Reply to comment by HedgehogRoutine2695 in Ohm My Lord by ZevireTees

It only works when the signal is very strong, and it's an AM thing.

I've done this as a kid. There was a powerful AM station nearby, enough signal for listening in headphones. Using a huge wire antenna, good ground connection, and an output transformer, I was actually able to feed just barely enough signal in a small speaker. Placing the speaker in a small transistor radio box (like a DIY speaker box) made it audible in my room at a soft, but decent level.
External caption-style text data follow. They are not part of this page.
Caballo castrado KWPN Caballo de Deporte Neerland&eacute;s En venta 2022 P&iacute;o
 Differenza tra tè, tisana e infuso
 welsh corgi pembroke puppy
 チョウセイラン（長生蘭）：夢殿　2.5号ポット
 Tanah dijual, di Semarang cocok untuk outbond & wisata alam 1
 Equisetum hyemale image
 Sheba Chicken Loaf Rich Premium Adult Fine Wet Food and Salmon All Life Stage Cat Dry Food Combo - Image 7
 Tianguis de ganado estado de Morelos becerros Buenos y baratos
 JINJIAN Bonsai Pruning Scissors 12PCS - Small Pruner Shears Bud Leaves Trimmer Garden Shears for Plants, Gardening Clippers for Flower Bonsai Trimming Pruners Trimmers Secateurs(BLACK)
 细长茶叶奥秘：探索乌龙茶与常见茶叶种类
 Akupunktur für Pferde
There were no batteries in the schematic. All the energy came from the radio station. Since only one strong station was in the area, I didn't even need an LC frequency filter - a germanium diode was the only real component besides the headphones (or speaker + transformer). One side of a germanium transistor also works instead of a diode. Silicon diodes / transistors don't work.

The signal was plenty for comfortable listening in headphones. I was able to even use metallic rain gutters as an antenna, and my hand as a "ground connection" and it still worked okay. I could impress my friends by touching one wire to the rain gutters, and AM radio would play in the headphones.

High impedance headphones worked better. For the speaker, the transformer basically was just an impedance adapter - speakers have low impedance, but the schematic required high impedance for best results.

Here's the schematic for headphones:

https://upload.wikimedia.org/wikipedia/commons/thumb/7/7c/Simplest_crystal_radio_circuit.svg/515px-Simplest_crystal_radio_circuit.svg.png

Replace the headphones with transformer + speaker if you wish, but don't expect a lot of volume even in the best case.

If there is no strong AM station nearby, then it will not work at all.